The Ancient Modern
Rocks and Seeds / Joshua Alan Sturgill
This morning, I saw myself as a man whose task is to separate stones from seeds.
Some cataclysmic event of my past, perhaps of a cosmic past, has caused the beautiful lake of my life to dry out. The bed of the lake is left exposed and littered with debris.
Stones and seeds of many sizes, shapes and colors are scattered together. Some of the stones are beautiful; some of the seeds are quite uninteresting. Some stones and seeds are nearly identical.
My task is to discern the seeds and bury them so they will not be crushed, lost or blown away before the rain returns. I can’t waste time being delighted over the beautiful rocks, because they are lifeless. And I can’t reject a seed for its plainness—for some of the ugliest seeds may become the most beautiful of trees.

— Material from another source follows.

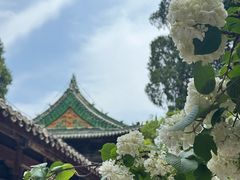 -报恩寺(平武县)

1. Ignore the stones / lifeless things.
2. Find the seeds and plant them / things that come to life under the right conditions.
[Am I planting them in myself? Is the coming rain some kind of death? Does death wash away everything impermanent and bring life to everything eternal? Is this a task everyone should be doing? How will I know if I’m a good judge of what things are really seeds? Is it fine to appreciate the beauty of the stones while I look for seeds? Is there someone or some thing to teach me the most efficient way to find seeds and the most secure way to bury them?]
There are some who contend that economies are built from stones, fashions are inspired by stones and wars are fought with stones. Seeds, they say, are unreliable, soft and impermanent. I’m sure some of these people laugh at me for my interest in what they consider valueless.
But, though others trade with stones and throw away the seeds, I can only keep to my task with the hope that its ultimate wisdom will be revealed.